Everyone knows what the Houses of Parliament look like – from the outside. This afternoon is your chance to see SW1A 0AA as only MPs normally see it, from the inside. Walk the same halls and corridors as the Prime Minister under the stony gaze of his marble-statued forbears. Explore the august committee rooms overlooking the Thames, where once the noxious ‘Great Stink’ made government work impossible and forced legislation to clean up the river. Visit 11th century Westminster Hall, built by King William Rufus who demanded that it should be huge in order to impress the Saxon peasants (and then complained it wasn’t big enough). If politics seems small on the TV, it’s positively overpowering in real life as you stand in the House of Commons itself, scene of the most momentous and dramatic debates of modern times
Wednesday: Today you can either amuse yourself around London, perhaps going to the Tower of London or the London Eye, or come with us to Greenwich, home of GMT and London’s naval history. The place has a fishing village feel to it, with small streets, shops and little pubs with sailing themes, and the newly-restored Cutty Sark parked in the middle of the main square. But it’s also got neo-classical grandeur in the form of the vast Maritime Museum.
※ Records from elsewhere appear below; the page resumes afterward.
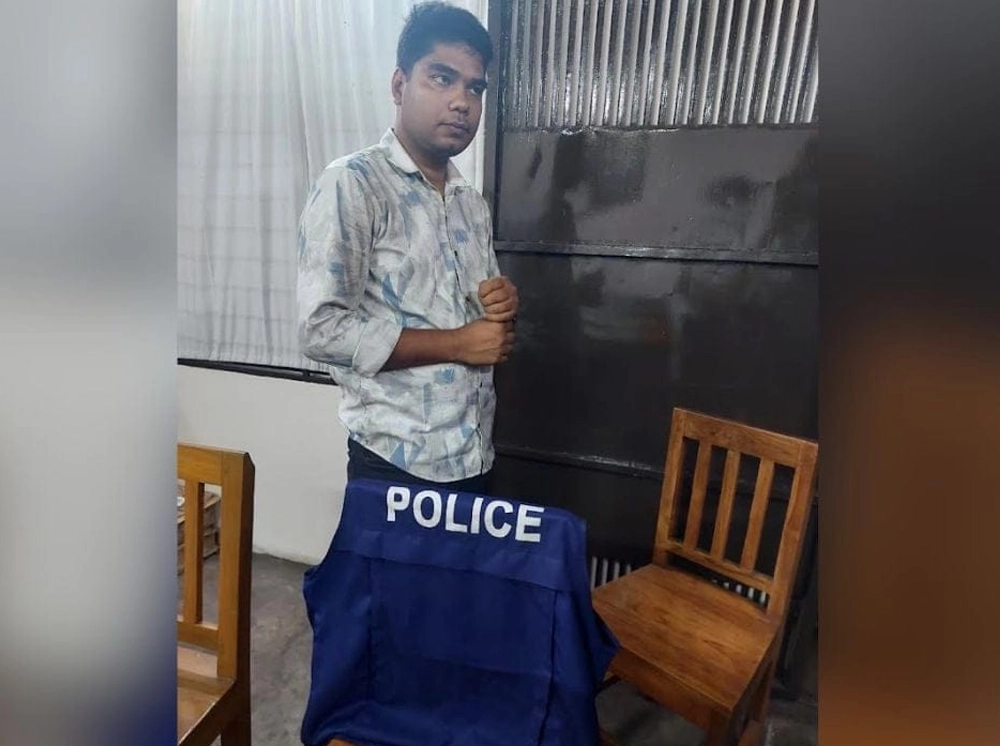 চট্টগ্রামে আইনশৃঙ্খলা বাহিনীর পরিচয়ে পার্সেল নিতে এসে ধরা পুলিশ সদস্য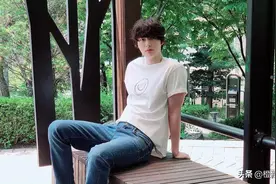离婚4个月晒近照　安宰贤消瘦模样惹粉丝心疼图片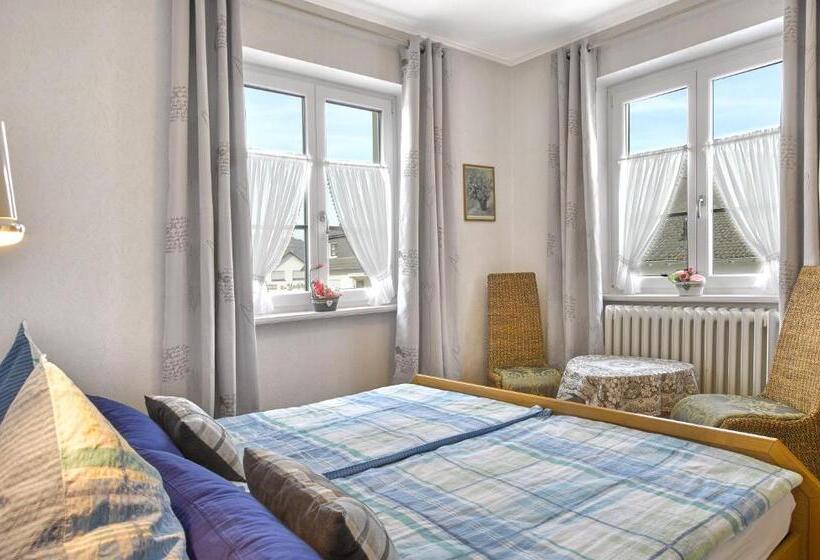Номер Стандарт, Pension Haus Am Walde Brodenbach, Mosel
If you like model sailing ships you’ll never want to leave. Trek up the hill and see the little panelled rooms of Christopher Wren’s Royal Observatory where John Flamstead catalogued 3,000 stars and enraged Newton by not divulging his data. Here you can also see John Harrison’s ingenious sea clocks, famous from the novel Longitude, and the largest refracting telescope in Britain.
Thursday: We visit a magnificent 4 storey Edwardian mansion, beautifully furnished, with electric chandeliers, lifts, flushable toilets, a secret garden, a wine cellar, and a library with 200 printed volumes specially written for it by Hardy, Kipling, JM Barrie and Conan Doyle. Yes, you guessed, it’s a doll’s house, built by Sir Edwin Lutyens for Queen Mary, and you’ll love the location too – Windsor Castle. This 11th century property has been home to monarchs for 900 years and is the Queen’s favourite residence, with 500 staff, 1,000 rooms and more gilt, velvet and Old Masters than you can shake a tiara at. Did you know there was a Queen Elizabeth before Elizabeth the First? Well, she’s buried in St George’s Chapel, along with 6 other queens and 11 kings. The castle once also contained a siege catapult called Lady Gunhilda, which is thought to be the origin of the word ‘gun’.
Friday: Still more free time at leisure in the capital, before we transfer you back to the airport for your return flight.